Pharmaceuticals and Medical Supplies
There are multiple threats specific to the medical supply chain. With Chinese and Indian imports accounting for over 90% of pharmaceutical ingredients in the United States, deteriorating relations could make it impossible to get the medicines and antibiotics many of us need.
Stocking up many prescription medications can be hard. Doctors generally do not like to prescribe large batches of drugs even if they are shelf-stable for extended periods of time. It is a best practice to ask your doctor if they can prescribe a larger amount. Today, some are sympathetic to concerns about pharmacies running out or becoming inaccessible. Tell them your concerns. It’s worth a shot. The worst they can do is say no.
If your doctor is unwilling to help you stock up on medicines, then Jase Medical is a good alternative. Through telehealth, they can prescribe daily meds or antibiotics that are shipped to your door. As proponents of medical freedom, they empathize with those who want to have enough medical supplies on hand in case things go wrong.
Energy Sources
The vast majority of Americans are locked into the grid. This has proven to be a massive liability when the grid goes down. Unfortunately, there are no inexpensive remedies.

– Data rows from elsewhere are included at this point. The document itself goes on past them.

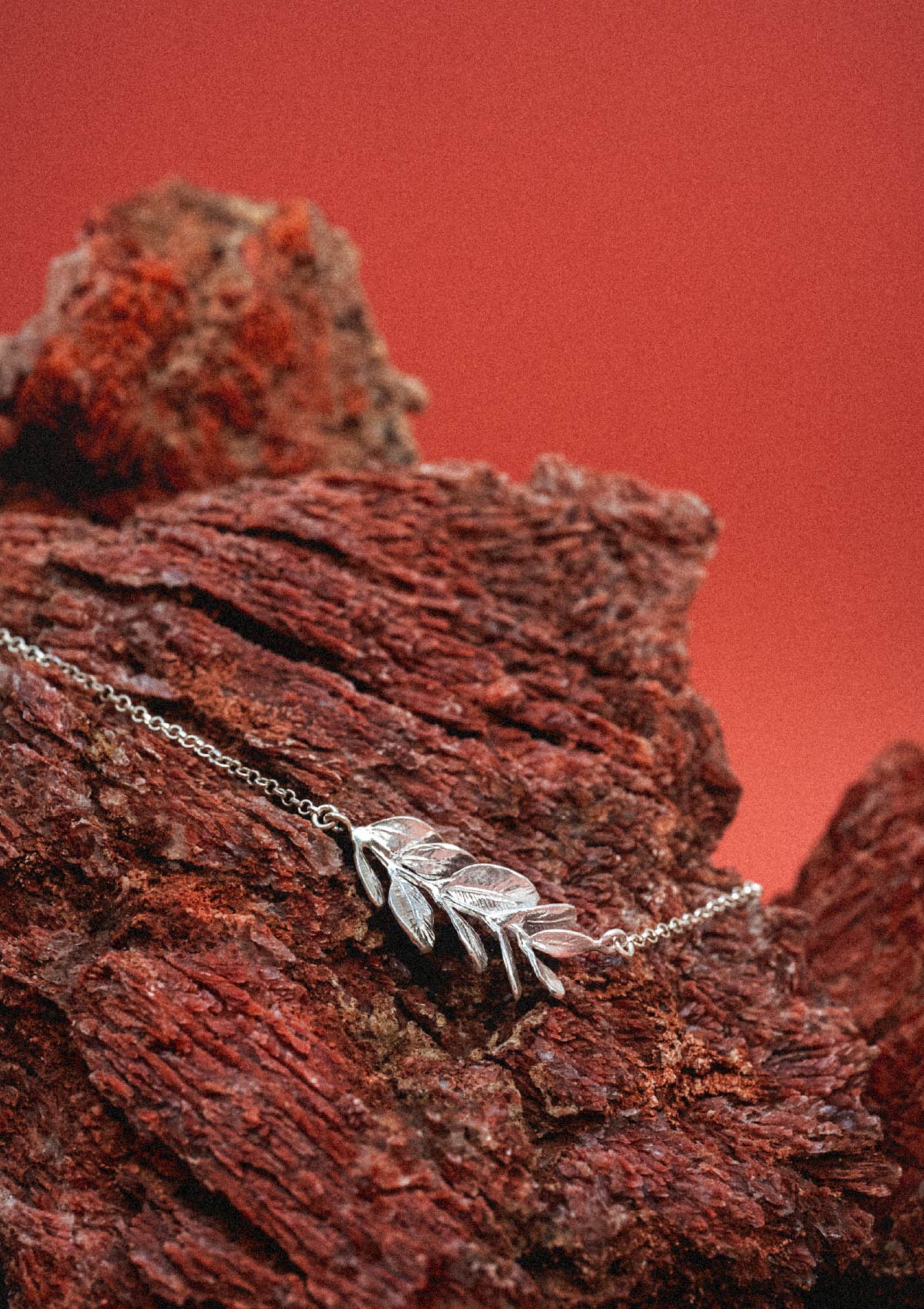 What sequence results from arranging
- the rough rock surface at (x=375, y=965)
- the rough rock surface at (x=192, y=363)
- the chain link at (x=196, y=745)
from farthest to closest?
the rough rock surface at (x=192, y=363) → the chain link at (x=196, y=745) → the rough rock surface at (x=375, y=965)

Those living off-grid had to either spend a lot of money or effort (or both) to get their alternative energy sources like solar set up. For those who do not want to go so far, it’s still a best practice to have backup power sources. Diesel generators and portable solar panels are the two most popular, and while they’re not inexpensive they are not out of reach of most Americans who are concerned about being without power for extended periods of time.
Natural gas is another necessity for many, but that’s far more challenging to replace. Having alternatives for heating and cooking that can be powered if gas and electric grids go down is important. Have a backup for items that require power such as manual can openers. If you’re stuck eating canned foods for a while and all you have is an electric opener, you’ll have problems.
Don’t Forget the Protein
When most think about “prepping,” they think about their food supply. More Americans are turning to gardening and homesteading as ways to produce their own food. Others are working with local farmers and ranchers to purchase directly from the sources. This is a good idea whether doomsday comes or not, but it’s particularly important if the food supply chain is broken.

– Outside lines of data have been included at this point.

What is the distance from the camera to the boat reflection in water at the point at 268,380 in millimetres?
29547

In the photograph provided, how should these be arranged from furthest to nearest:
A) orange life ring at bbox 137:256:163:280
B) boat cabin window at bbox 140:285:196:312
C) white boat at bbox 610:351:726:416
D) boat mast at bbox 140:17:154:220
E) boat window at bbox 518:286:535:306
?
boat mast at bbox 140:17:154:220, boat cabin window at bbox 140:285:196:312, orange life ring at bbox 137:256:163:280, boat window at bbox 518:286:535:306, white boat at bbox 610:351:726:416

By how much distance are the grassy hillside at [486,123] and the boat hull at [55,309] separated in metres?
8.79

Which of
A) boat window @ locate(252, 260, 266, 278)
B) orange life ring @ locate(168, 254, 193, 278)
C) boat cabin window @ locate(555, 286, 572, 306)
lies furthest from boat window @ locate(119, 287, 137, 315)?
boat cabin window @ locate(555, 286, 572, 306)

Most grocery stores have about one to two weeks worth of food, as do most American households. Grocers rely heavily on truckers to receive their ongoing shipments. In a crisis, the current process can fail. It behooves Americans for multiple reasons to localize their food purchases as much as possible.
Long-term storage is another popular option. Canned foods, MREs, and freeze dried meals are selling out quickly even as prices rise. But one component that is conspicuously absent in shelf-stable food is high-quality protein. Most survival food companies offer low quality “protein buckets” or cans of meat, but they are often barely edible.

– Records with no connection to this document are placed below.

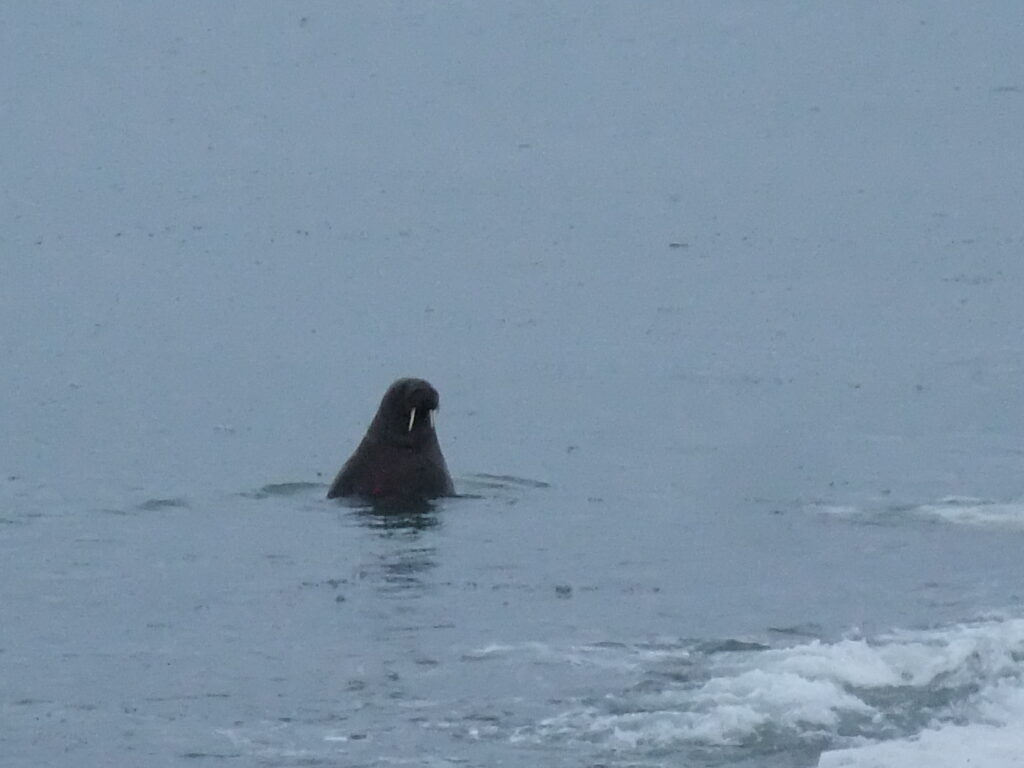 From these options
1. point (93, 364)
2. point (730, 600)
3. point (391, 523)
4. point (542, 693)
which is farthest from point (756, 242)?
point (542, 693)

Prepper All-Naturals offers premium cuts of steak that have been cooked sous vide and freeze dried to give them a 25-year shelf life. They offer Ribeye, NY Strip, and Tenderloin among others.
Having buckets of beans and rice is a good start, but keeping a solid supply of high-quality protein isn’t just healthier. It can help a family maintain normalcy through crises.
Prepare Without Fear
With all the challenges we face as Americans today, it can be emotionally draining. Citizens are scared and there’s nothing irrational about their concerns. Being prepared and making lifestyle changes to secure necessities can go a long way toward overcoming the fears that plague us. We should hope and pray for the best but prepare for the worst. And if the worst does come, then knowing we did what we could to be ready for it will help us face those challenges with confidence.